I was having my husband read this thread last night. It was so funny watching his face as he was reading. It was like   After reading it, he still was just standing there. Finally he piped up and asks, "I wonder if he kept the rope". Gosh, such a typical guy thing to say.


----------



## monomer

lola'smommy said:


> ..."I wonder if he kept the rope". Gosh, such a typical guy thing to say.


Cheez, I don't quite know how to take that remark... I am, after all, a 'member of the club' so to speak.

However I will tell you, I wish I had kept it... or at least gotten a picture of it. But I did leave it in front of one of the 'doggie poop bins' for awhile... I guess I wanted others to marvel at the great 'achievement'. I now wonder if Sidney could have made it into the Guinness Book of World Records??? Sigh...


----------



## lola'smommy

:lol: Am I the only one that thinks this is soo funny!? Yea, you should of taken a picture and then submitted it to Guinness. You never know. Your dog could be famous for his rope trick!


----------



## 3 goldens

That is so funny---but I am glad it happened to you and not me. I have seen our dogs get "dingle berries" because of hair, grass, and a few times because of embroidry thread. They walk around all humped over trying to get rid of it. gotta feel sorry for them. They have always managed to get rid of the dingle berry, thank goodness.


----------



## lola'smommy

Yes, I'm familiar with picking up multi-colored fuzzy poo!! I don't freak out anymore. I just shake my head and scoop wondering what the next pile will look like.


----------



## ty823

This reminds me of a George Carlin bit... He said that he used to feed his dog rubber bands so that all of the +urds had a little rubber loop sticking out of them and it made for easy clean-up. 
Also how his dog would eat tinsel off the Christmas tree and leave homemade ornaments laying out in the yard


----------



## monomer

ty823 said:


> This reminds me of a George Carlin bit... He said that he used to feed his dog rubber bands so that all of the +urds had a little rubber loop sticking out of them and it made for easy clean-up.
> Also how his dog would eat tinsel off the Christmas tree and leave homemade ornaments laying out in the yard


WOW! Brilliant ideas!!!! That George Carlin guy's a genius!!!!!!!!!
I could use the rubber bands to 'sling shot' the poop right out of the yard. Anyone know where I can buy a 50-lbs bag of rubber bands from?


----------



## shaneamber

Just feed him those little "super balls", you know those balls that bounce like crazy. Then all you would need is a golf club and yell POOP as you swing. 
Ahhhh...that's a sh-tty idea. 
Shane


----------



## Miss Daisy's Mom

:lol: :lol: You guys are SO cracking me up!!! I have to be careful because everyone else is asleep and I'm sitting here laughing at my monitor like a crazy person! :bowrofl:


----------



## lola'smommy

That is too funny!! The last idea sounds like something that came from my hubby, too.
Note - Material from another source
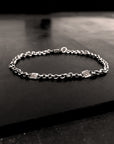 Men's Oxidized Silver Cable Bracelet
In fact that is how he "plays" or "interacts" with the dogs. He goes outside and hits the tennis ball up against the back fence with his golf club and the dogs run and get it, brings the ball to him and so on and so on. He doesn't have to move. He can practice his golf swing. He can still have his cigarette. And, mean while he his bonding with his dogs. Can't you just feel the love? (sarcasm). Honestly, I don't get it. I would rather be wrestling and playing with Lola.


----------



## LauraEyes2

LOL, good story Monomer. Where's your camera cell phone when you need it?


----------



## ty823

shaneamber said:


> Just feed him those little "super balls", you know those balls that bounce like crazy. Then all you would need is a golf club and yell POOP as you swing.
> Ahhhh...that's a sh-tty idea.
> Shane



:lol: good one!


----------



## LuvOllie

(laughing) Thanks for the images!! I can see it now!!


----------



## greg bell

man..this is a "Hall of Fame" thread..


----------



## krbshappy71

shaneamber said:


> Just feed him those little "super balls", you know those balls that bounce like crazy. Then all you would need is a golf club and yell POOP as you swing.
> Ahhhh...that's a sh-tty idea.
> Shane


:bowrofl: You guys are killing me. Between picturing the Golden dressed as a Magician and Shane playing golf.....this forum is grrrreat.
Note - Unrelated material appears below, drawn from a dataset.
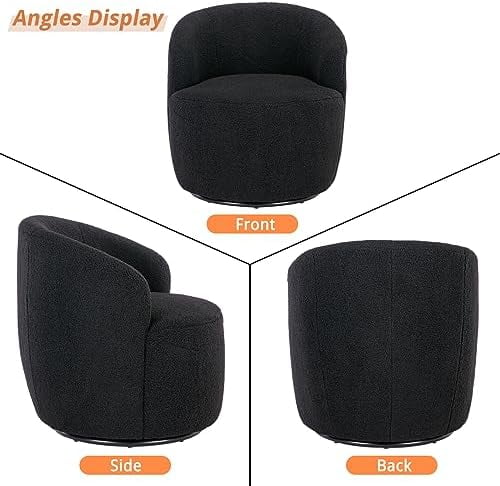 Swivel Barrel Chair Teddy Sherpa Upholstered Accent Armchair V8180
"the rope trick" what a title!! 
:bowrofl:


----------



## goldencity

Thanks for that - a good laugh is always wellcome!

Why do dogs always wait untill theres an audience before they do something embarresing? 

Our old dog Lucy used to love socks- so much so that her poop often came out "ready wrapped"


----------



## sam

I had a similiar experience with a missing pair of my pantyhose! When I saw about 4 inches of a toe hanging out of my dear, departed Samantha's butt, I called the vet. They told me NOT to pull, under any circumstances (for fear of disemboweling her!!!); rather, I had to "trim" off whatever length of panty hose happened to come out during each bowel movement! Needless to say, it was a LONG week!!! (and I threw those scissors in the trash!) I bow great respect to Monomer's "extraction" technique!!!


----------



## Joe

Guys, I just discovered this thread. Somewhat I had to overlook this one...
Anyhow, I read it, then my wife and we are still laughing at it.
Good story telling Monomer, maybe you should write the book and become millionaire like that guy who wrote 'Marley and Me' , you definitely have a talent there...
joe


----------



## gold'nchocolate

*I missed this the first time around*

This thread is cracking me up--I'm bumping it up to the top so other's can enjoy it too!


----------



## Katiesmommy

oh my gooodness I dont want to imagine...yack thats all I can say lol


----------



## gold'nchocolate

Bumping this again for our newest members to enjoy  :wavey:


----------



## KatzNK9

OMG, I've been laughing so hard my sides hurt. Tears continue to roll down my cheeks. I totally lost my composure at the point of "Poopzilla" ... (sheesh, I'm still laughing so much that it is hard to type).

I just have to ask, WHAT DOES HE DO FOR AN ENCORE?

It is the little things in life that amuse dog (and cat, too, I'm sure) lovers.

On a serious note, whew ... sure glad he gotta that outta there as it sounds like he could have been headed for some serious trouble had it stayed inside. Yikes! But, I'm sure he feels all better now & is looking for his next unusual "meal".

Abracadabra ... OMG, the tears ares still flowing non-stop. My sides are splitting! Don't do that to me again (at least until there's another story that is a must tell).

Priceless! One for the history books! Best laugh I've had in ages & ages & ages.


----------



## RickGibbs

KatzNK9 said:


> Priceless! One for the history books! Best laugh I've had in ages & ages & ages.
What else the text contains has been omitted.